On January 18, the Serious Fraud Office (“SFO”) confirmed the opening of an investigation of Chemring Group PLC (“Chemring”) and its subsidiary, Chemring Technology Solutions Limited (“CTSL”) into alleged bribery, corruption, and money laundering. Chemring, a UK-based company that designs and makes products in the aerospace and defense industries, stated that the investigation followed a voluntary report from CTSL relating to “two specific historic contracts.” According to Chemring, the first of these contracts was awarded before the company took over the business group being investigated, while the second contract occurred after the acquisition. Chemring stated that the company will fully cooperate with the SFO’s investigation and provide further updates.
On January 3, 2018, Petrobras announced that it has agreed to pay $2.95 billion to resolve the securities class action pending in the U.S. District Court for the Southern District of New York regarding the company’s well-known corruption scandal in Brazil. The class action claimed that investors were harmed by alleged corruption when contractors overcharged Petrobras and kicked back some of the overcharges through bribes to Petrobras officials. Under the proposed settlement, Petrobras has agreed to pay the funds in three installments. The agreement does not constitute any admission of wrongdoing or misconduct by Petrobras and Petrobras claims that this reflects its status as a victim of the acts uncovered in Operation Car Wash, as the corruption investigation in Brazil is known. The settlement agreement is still subject to approval by the District Court.
Past ScoreCard coverage related to the Petrobras corruption allegations and investigation can be found here.

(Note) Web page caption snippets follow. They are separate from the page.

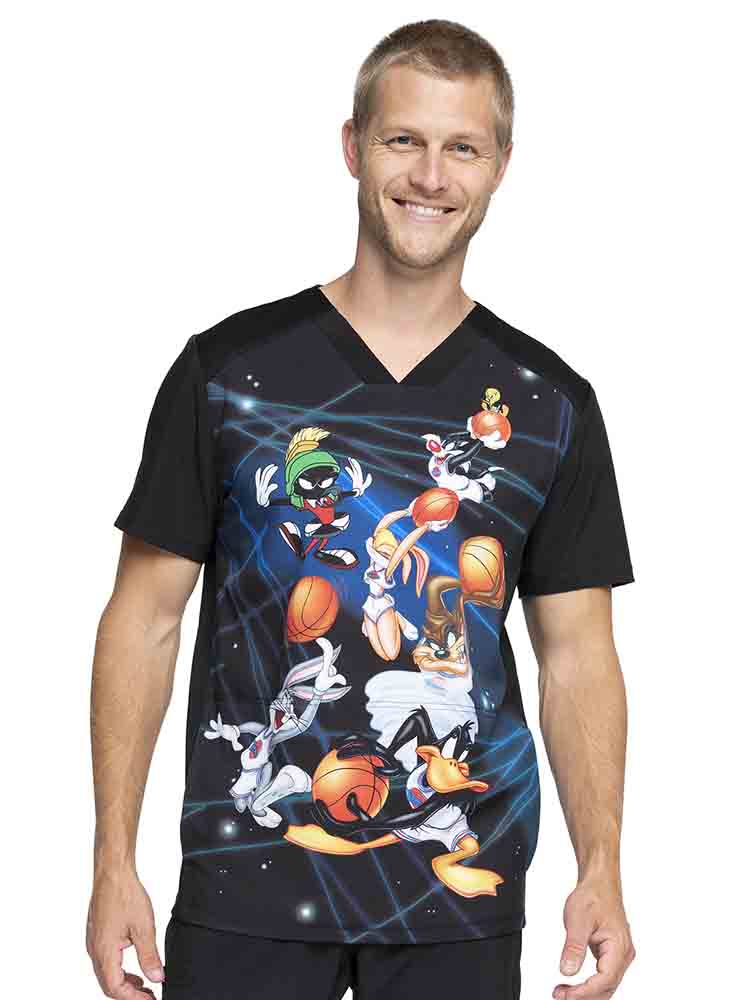 Young male nurse wearing a Uniexc V-neck Print Scrub Top from Cherokee Tooniforms in "Space Jam" featuring contrast piping at the neckline.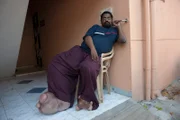 Arun P Rajasingh sitting outside on chair.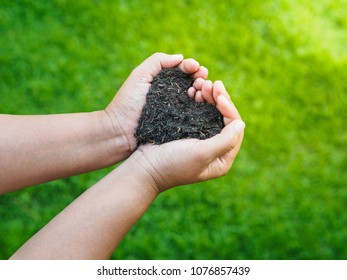 Eart Day, Save The Earth, Love Concept. The Woman Hand Holding A Soil On Green Grass Blur Background.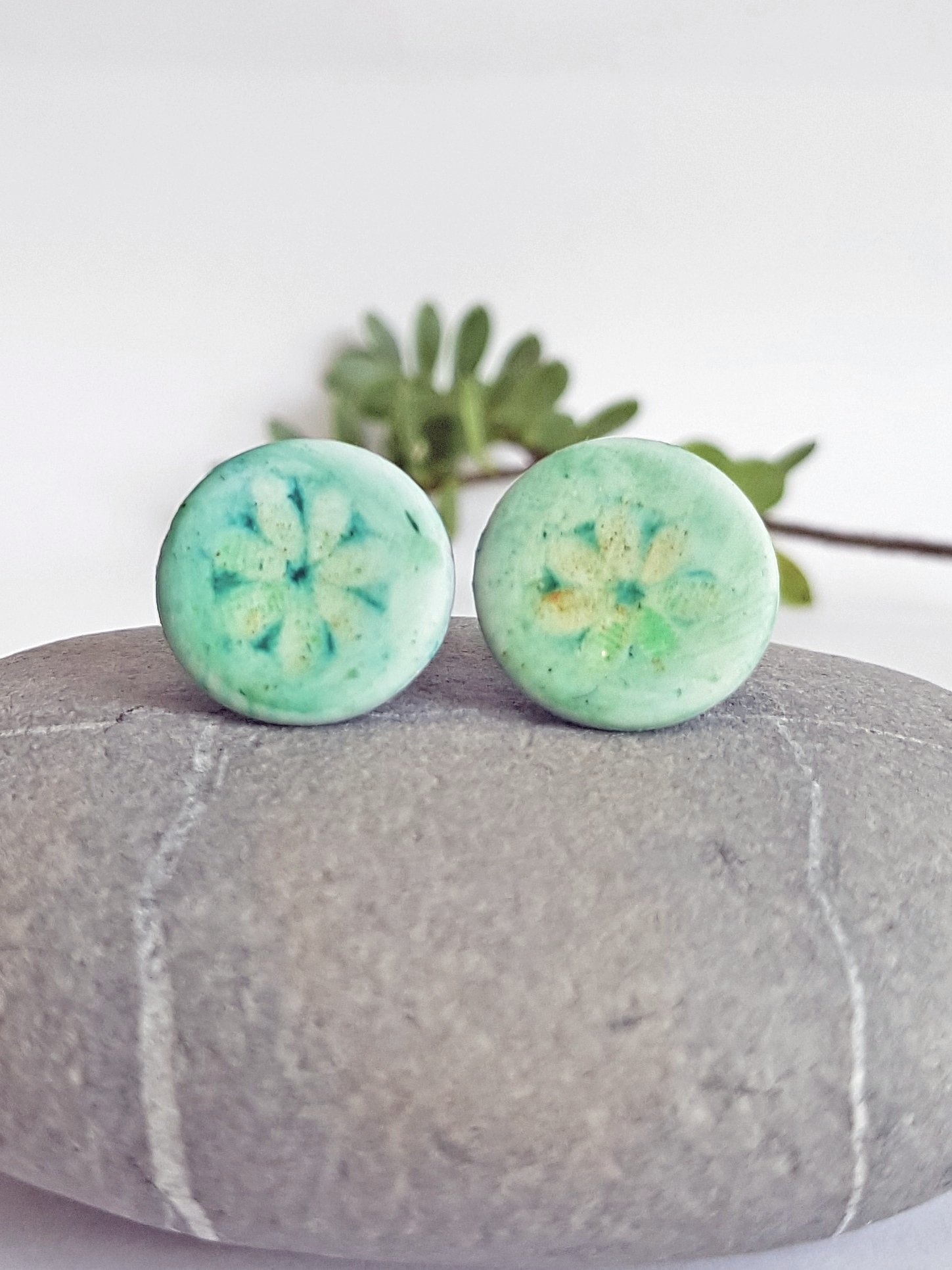 Front of turquoise polymer clay stud earring with distressed flower motif.
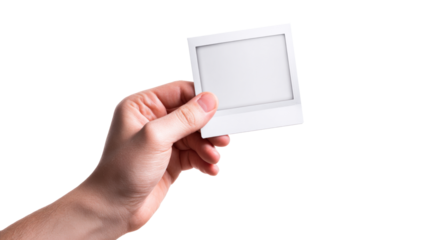 hand holding a empty polaroid photo template. blank photo frame mockup. Vintage Card on transparent background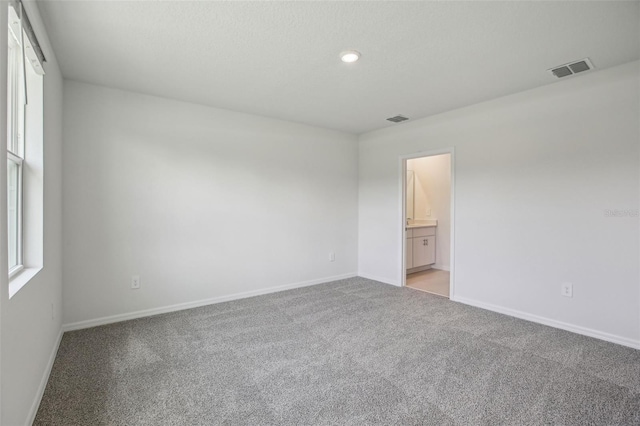 1839 Brekey Way, Zephyrhills, FL 33541 - unfurnished room with light colored carpet, baseboards, and recessed lighting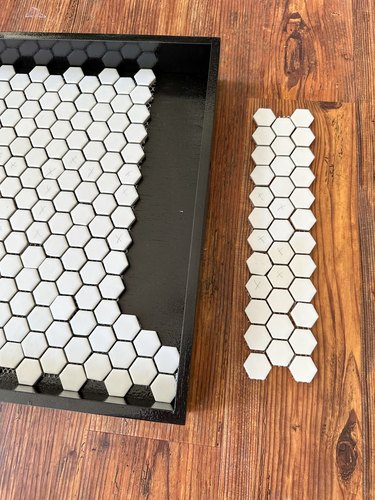 White tiles arranged in a strip next to black tray and more tiles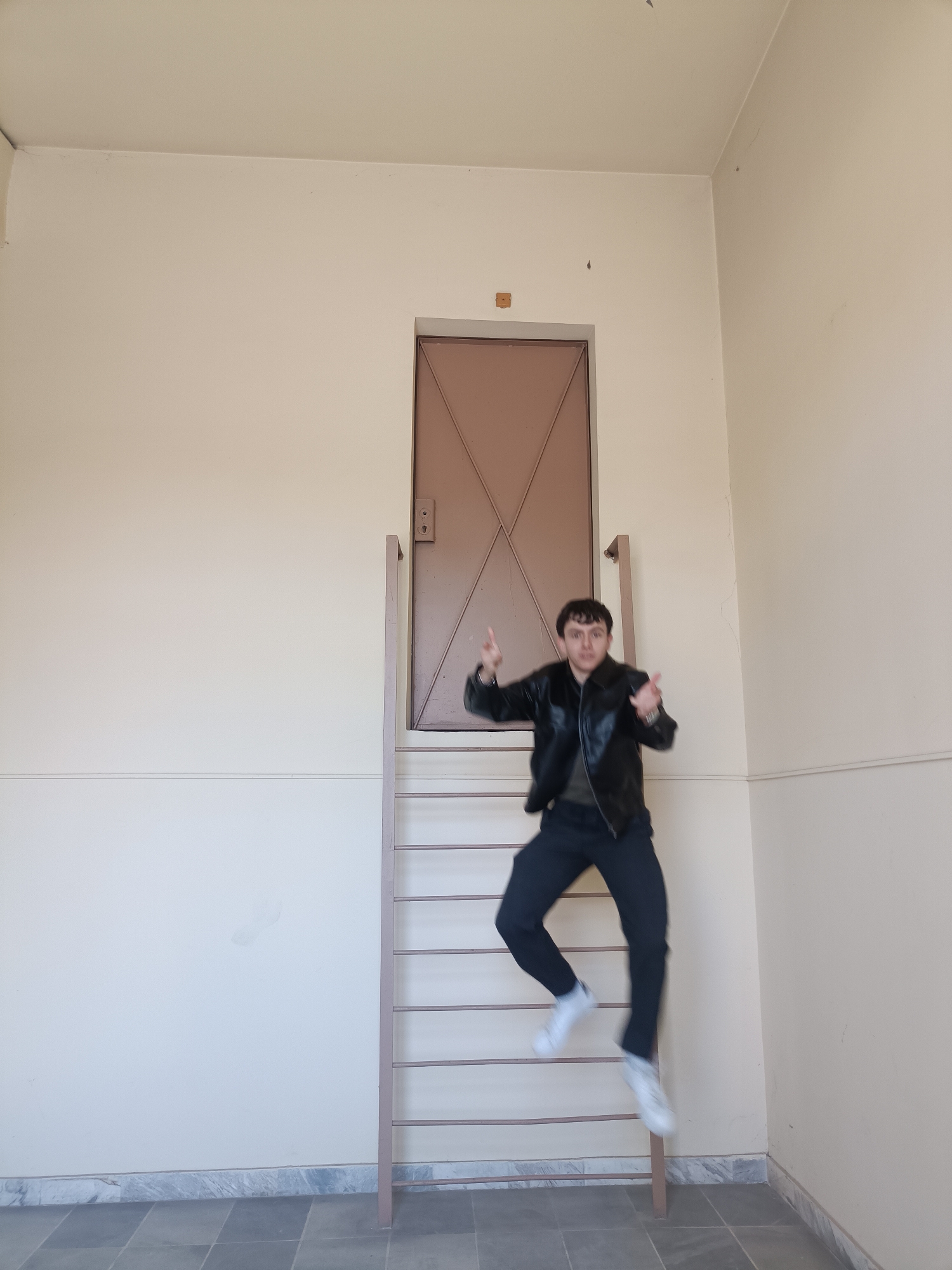The image captures a young man in mid-air, seemingly jumping or floating, in an indoor setting. He is dressed in a black leather jacket, a dark t-shirt, dark trousers, and white sneakers, which appear blurred due to motion. His hands are raised with thumbs pointing upwards, and he has a playful, energetic expression while looking towards the viewer.
The background features a tall, plain cream-colored wall. A prominent element is a closed brown metal door, positioned unusually high on the wall. This door is accessed by a matching brown metal ladder with horizontal rungs, which extends from the floor up to the doorframe. The floor is tiled with alternating light and dark gray rectangular tiles, and a light-colored marble or stone skirting board runs along the base of the wall. The room appears brightly lit, suggesting daytime conditions indoors. The arrangement of the elevated door and ladder gives the location a distinctive and unconventional appearance, possibly an institutional building or a uniquely designed interior. No text is visible in the image.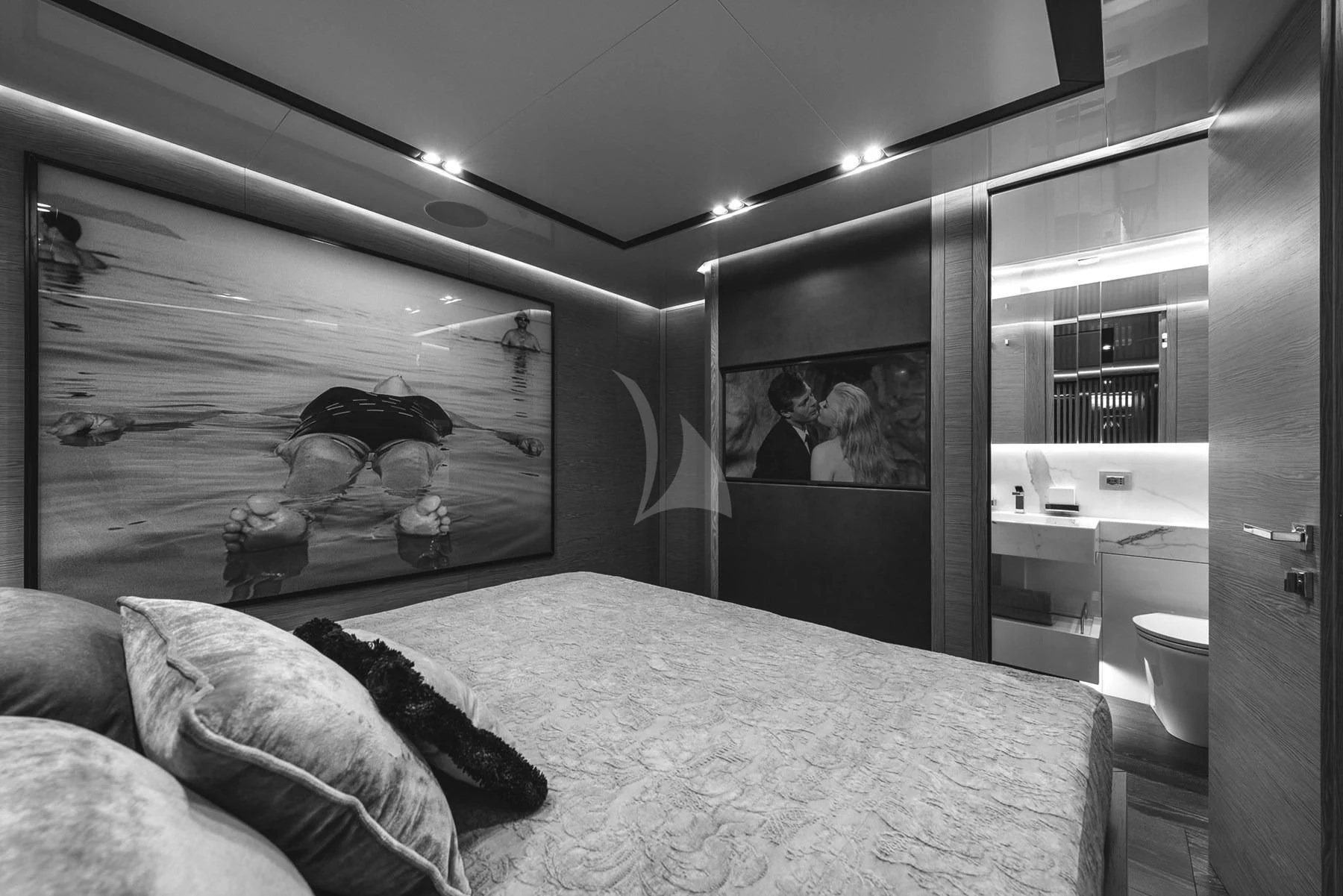 a bedroom with a bed and a mirror aboard EDEN Yacht for Sale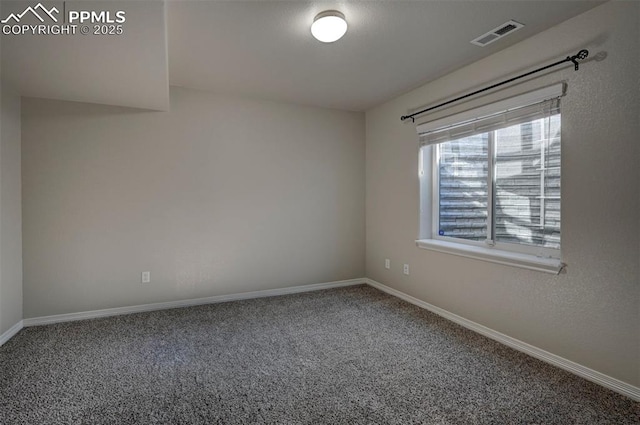 spare room with carpet, baseboards, and visible vents
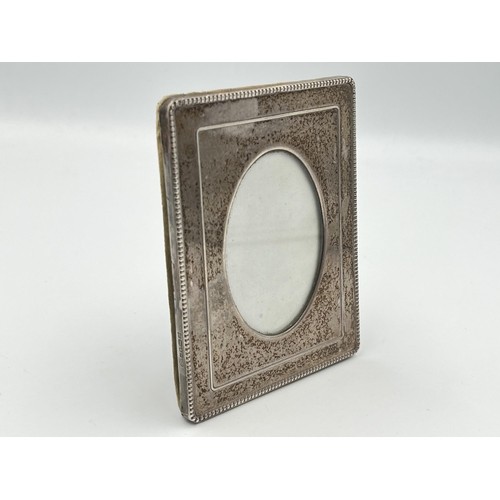 2293 - A hallmarked London .925 silver photo frame, dated 1991 - approx. 10cm high x 8cm wide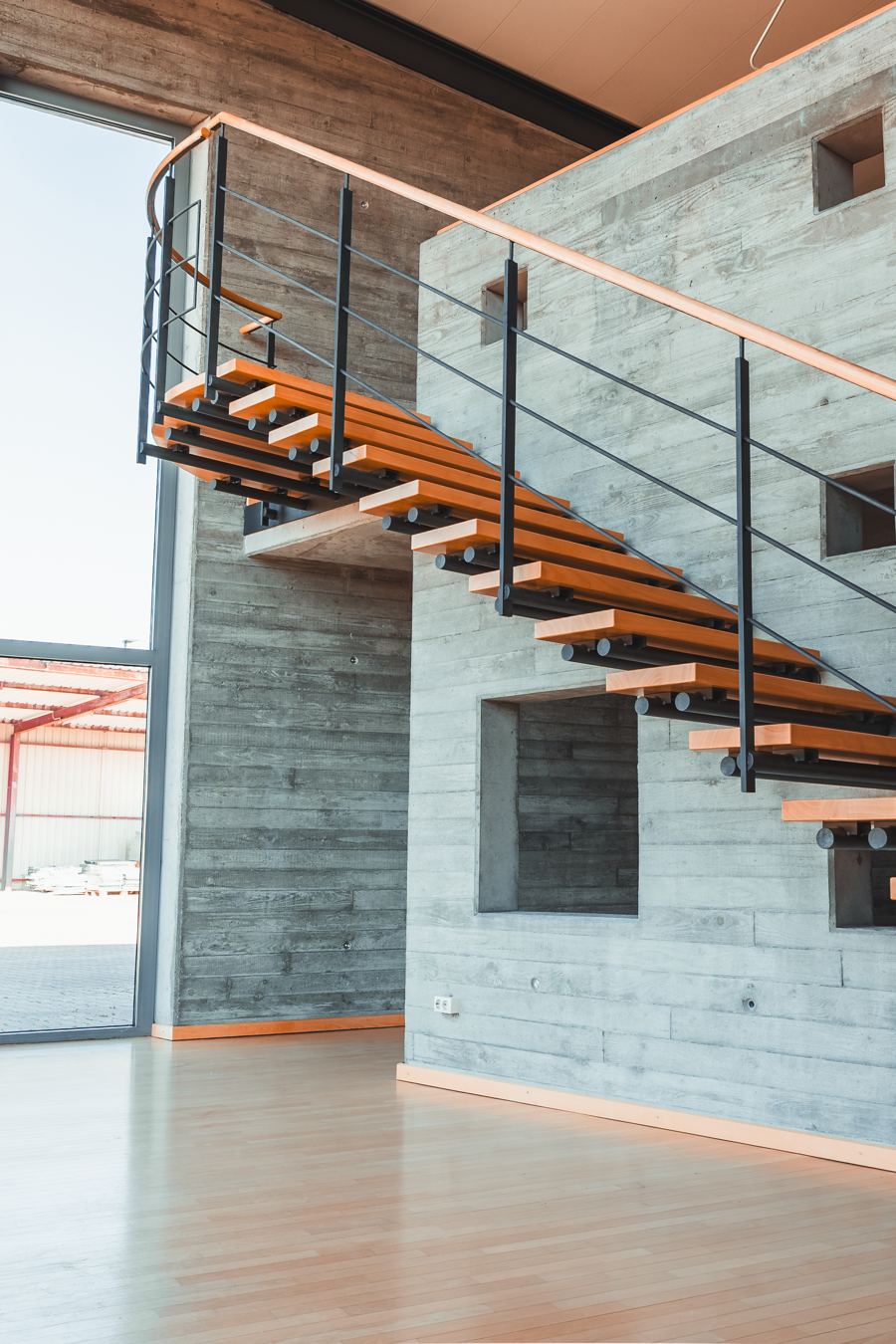 Offene Treppe aus Holz und Stahl vor Sichtbetonwand und Glasfassade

The World Bank recently sanctioned two French companies for separate allegations of corruption in developing countries. On November 30, the World Bank announced that Oberthur Technologies SA, a French digital security company, was debarred for 2.5 years for “corrupt and collusive practices” related to a project that would establish a national ID system in Bangladesh. As part of its Negotiated Resolution Agreement (NRA), Oberthur acknowledged “improper payments to a sub-contractor and collusive misconduct to obtain and modify bid specifications to narrow competition and secure the award of the contract.” Oberthur was credited for its “extensive cooperation” with the World Bank’s investigation, including voluntarily acknowledging the misconduct, proactively conducting an internal investigation, holding individuals accountable, and taking “preliminary steps to improve its governance and compliance procedures.”
On December 5, the World Bank separately announced that Sediver SAS, a French manufacturing company, was debarred for two years for a “corrupt practice” related to a project that would improve electricity infrastructure in the Congo. A World Bank investigation found evidence that the company “made improper payments to an employee of a consulting company to influence a tender process.” Under the NRA, Sediver’s parent company was also “conditionally non-debarred” for an 18-month probationary period. The holding company for the entities agreed to pay €6.8 million to the Congo, and the companies agreed to develop and implement a “group-wide integrity compliance program.” The holding company was credited for its “ongoing cooperation” with World Bank investigators, “acceptance of responsibility,” and “voluntary corrective and remedial actions.”